While most of the daily temperature records were broken by one to two degrees Celcius, some areas were significantly hotter than usual, according to the data from Environment Canada.
The July 26 heat record in Squamish, for example, is now 37.1 C, breaking the previous record of 31.6 C set in 2018 by nearly six degrees.
In Sechelt, temperatures reached 34.4 C, breaking an old record of 30.3 C set in 2018. Below is the full list of records broken so far. It could expand in the days to come as forecast temperatures reach higher.
Environment Canada has reissued a heat warning that covers the Fraser Canyon, South Thompson, Nicola, Similkameen, Okanagan Valley, Shuswap, Boundary, Greater Victoria, Howe Sound, Metro Vancouver, and Fraser Valley.
The aforementioned regions in the Southern Interior are facing daytime high temperatures ranging from 35 to 41 C, with early morning low temperatures of 18 to 21 C between now and Sunday. The temperature is poised to start dropping as of Thursday and will eventually fall to 28 C this time next week.
Lower Mainland and Island residents should expect to see temperatures in the area of 31 to 38 C. On Thursday the high temperature is forecast to be 36 C before it drops a few degrees throughout the weekend and by next Wednesday the temperature is forecast to be around 25C.
The risks posed by extreme heat are more significant for young children, pregnant women, older adults, people with chronic illnesses and people working or exercising outdoors. Some of the effects of heat illness include swelling, rash, cramps, fainting, heat exhaustion, heat stroke and the worsening of some health conditions.

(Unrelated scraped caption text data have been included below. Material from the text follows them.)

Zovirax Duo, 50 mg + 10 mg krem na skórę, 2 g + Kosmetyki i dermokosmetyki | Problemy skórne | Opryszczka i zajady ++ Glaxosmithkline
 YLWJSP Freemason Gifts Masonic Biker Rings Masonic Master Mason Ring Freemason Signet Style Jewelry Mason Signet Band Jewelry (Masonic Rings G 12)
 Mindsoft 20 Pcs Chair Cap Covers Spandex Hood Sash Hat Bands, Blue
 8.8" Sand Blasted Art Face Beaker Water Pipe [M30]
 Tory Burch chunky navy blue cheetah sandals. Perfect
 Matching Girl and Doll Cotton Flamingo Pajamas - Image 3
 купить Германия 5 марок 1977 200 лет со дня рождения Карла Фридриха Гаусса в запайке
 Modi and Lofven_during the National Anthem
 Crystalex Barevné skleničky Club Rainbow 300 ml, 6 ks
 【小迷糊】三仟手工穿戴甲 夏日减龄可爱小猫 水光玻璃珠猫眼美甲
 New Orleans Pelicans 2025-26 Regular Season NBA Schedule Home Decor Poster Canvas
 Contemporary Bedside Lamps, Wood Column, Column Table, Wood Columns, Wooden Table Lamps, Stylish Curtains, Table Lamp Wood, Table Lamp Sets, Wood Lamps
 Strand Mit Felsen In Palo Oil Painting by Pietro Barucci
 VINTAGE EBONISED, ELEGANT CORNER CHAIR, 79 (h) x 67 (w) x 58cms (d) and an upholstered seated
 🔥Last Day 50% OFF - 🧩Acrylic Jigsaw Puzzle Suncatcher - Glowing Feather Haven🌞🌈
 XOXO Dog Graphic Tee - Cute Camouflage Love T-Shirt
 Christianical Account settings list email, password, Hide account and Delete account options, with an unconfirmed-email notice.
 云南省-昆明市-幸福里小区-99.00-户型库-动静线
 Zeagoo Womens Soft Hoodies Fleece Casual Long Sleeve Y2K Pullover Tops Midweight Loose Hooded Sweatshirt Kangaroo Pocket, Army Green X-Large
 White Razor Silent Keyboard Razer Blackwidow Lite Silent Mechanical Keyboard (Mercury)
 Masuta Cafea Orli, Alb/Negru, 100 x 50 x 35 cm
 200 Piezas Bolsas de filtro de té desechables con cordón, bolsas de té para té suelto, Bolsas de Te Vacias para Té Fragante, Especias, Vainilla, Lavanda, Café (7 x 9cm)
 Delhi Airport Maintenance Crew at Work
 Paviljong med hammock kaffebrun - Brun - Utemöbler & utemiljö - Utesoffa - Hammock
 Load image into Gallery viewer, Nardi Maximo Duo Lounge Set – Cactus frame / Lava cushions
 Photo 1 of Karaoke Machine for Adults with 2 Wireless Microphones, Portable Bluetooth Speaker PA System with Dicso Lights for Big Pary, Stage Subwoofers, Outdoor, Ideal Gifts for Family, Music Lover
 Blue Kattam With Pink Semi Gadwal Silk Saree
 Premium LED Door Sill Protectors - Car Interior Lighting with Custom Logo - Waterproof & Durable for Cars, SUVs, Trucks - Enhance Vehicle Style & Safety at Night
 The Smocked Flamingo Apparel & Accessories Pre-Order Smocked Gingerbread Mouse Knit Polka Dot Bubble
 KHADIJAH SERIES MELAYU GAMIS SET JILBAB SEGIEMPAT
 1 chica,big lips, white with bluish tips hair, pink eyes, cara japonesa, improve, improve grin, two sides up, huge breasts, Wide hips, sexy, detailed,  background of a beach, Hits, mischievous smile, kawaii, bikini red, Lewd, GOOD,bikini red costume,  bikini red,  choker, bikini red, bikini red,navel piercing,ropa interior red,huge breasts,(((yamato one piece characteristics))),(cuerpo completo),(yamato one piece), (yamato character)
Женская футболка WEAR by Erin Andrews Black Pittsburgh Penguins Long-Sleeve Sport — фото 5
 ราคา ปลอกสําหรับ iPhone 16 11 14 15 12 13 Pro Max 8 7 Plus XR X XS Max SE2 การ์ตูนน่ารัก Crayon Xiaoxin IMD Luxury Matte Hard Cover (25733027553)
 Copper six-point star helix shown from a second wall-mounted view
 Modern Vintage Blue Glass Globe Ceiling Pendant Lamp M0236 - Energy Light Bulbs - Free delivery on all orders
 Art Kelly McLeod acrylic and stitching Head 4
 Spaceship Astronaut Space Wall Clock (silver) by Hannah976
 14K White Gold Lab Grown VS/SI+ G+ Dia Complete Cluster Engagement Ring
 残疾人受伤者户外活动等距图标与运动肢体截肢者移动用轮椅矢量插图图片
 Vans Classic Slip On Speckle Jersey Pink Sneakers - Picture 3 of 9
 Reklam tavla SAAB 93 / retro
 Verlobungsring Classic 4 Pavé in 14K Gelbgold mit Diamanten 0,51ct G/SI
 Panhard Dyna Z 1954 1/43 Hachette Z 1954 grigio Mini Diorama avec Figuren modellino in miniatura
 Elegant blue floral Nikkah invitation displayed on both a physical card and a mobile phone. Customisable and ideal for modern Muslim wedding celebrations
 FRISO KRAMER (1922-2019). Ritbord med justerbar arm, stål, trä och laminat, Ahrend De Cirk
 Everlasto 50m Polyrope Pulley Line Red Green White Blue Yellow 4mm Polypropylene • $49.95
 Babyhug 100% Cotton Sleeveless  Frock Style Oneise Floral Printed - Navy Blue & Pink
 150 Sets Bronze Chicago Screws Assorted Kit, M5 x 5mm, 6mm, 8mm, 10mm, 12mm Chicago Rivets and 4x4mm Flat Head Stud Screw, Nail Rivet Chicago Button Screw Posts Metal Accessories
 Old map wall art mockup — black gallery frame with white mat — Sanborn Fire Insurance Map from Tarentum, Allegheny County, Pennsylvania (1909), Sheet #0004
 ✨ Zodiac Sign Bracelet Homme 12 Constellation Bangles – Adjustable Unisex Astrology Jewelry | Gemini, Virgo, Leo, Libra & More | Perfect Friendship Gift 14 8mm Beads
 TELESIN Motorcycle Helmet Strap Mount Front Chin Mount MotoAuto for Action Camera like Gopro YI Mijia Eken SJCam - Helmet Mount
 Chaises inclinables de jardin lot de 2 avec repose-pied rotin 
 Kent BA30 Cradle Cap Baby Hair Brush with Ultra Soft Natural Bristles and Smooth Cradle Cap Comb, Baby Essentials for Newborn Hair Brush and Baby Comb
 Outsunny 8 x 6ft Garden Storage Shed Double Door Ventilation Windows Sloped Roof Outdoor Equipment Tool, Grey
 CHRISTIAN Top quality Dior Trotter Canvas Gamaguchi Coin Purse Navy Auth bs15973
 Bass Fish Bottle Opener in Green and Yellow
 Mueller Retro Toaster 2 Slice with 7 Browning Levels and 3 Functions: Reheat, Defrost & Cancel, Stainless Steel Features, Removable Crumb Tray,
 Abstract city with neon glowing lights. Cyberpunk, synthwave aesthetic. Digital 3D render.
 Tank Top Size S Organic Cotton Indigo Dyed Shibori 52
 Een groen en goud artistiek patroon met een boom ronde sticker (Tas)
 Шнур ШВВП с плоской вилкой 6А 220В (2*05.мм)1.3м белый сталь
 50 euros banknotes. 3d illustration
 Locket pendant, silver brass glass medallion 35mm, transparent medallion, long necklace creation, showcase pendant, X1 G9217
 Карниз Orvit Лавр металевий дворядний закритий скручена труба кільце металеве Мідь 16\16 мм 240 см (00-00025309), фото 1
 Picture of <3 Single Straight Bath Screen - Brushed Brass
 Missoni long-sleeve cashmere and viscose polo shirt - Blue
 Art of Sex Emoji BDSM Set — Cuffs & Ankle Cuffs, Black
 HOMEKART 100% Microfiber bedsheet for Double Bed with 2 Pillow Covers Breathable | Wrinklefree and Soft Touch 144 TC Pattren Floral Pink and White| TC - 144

Last week, the province’s public safety minister, Mike Farnworth, said a new warning system is ready to go with new protocols on how to issue heat alerts.
The protocol lays out the daytime maximum and nighttime minimum temperatures that would trigger the heat bulletins.
If a region is expected to exceed those ranges for two consecutive days it will trigger a heat alert, while if it is expected to last three or more days it will trigger a heat emergency, Farnworth said.
The public is also being urged to visit the province’s PreparedBC website for more resources on how to manage extreme heat.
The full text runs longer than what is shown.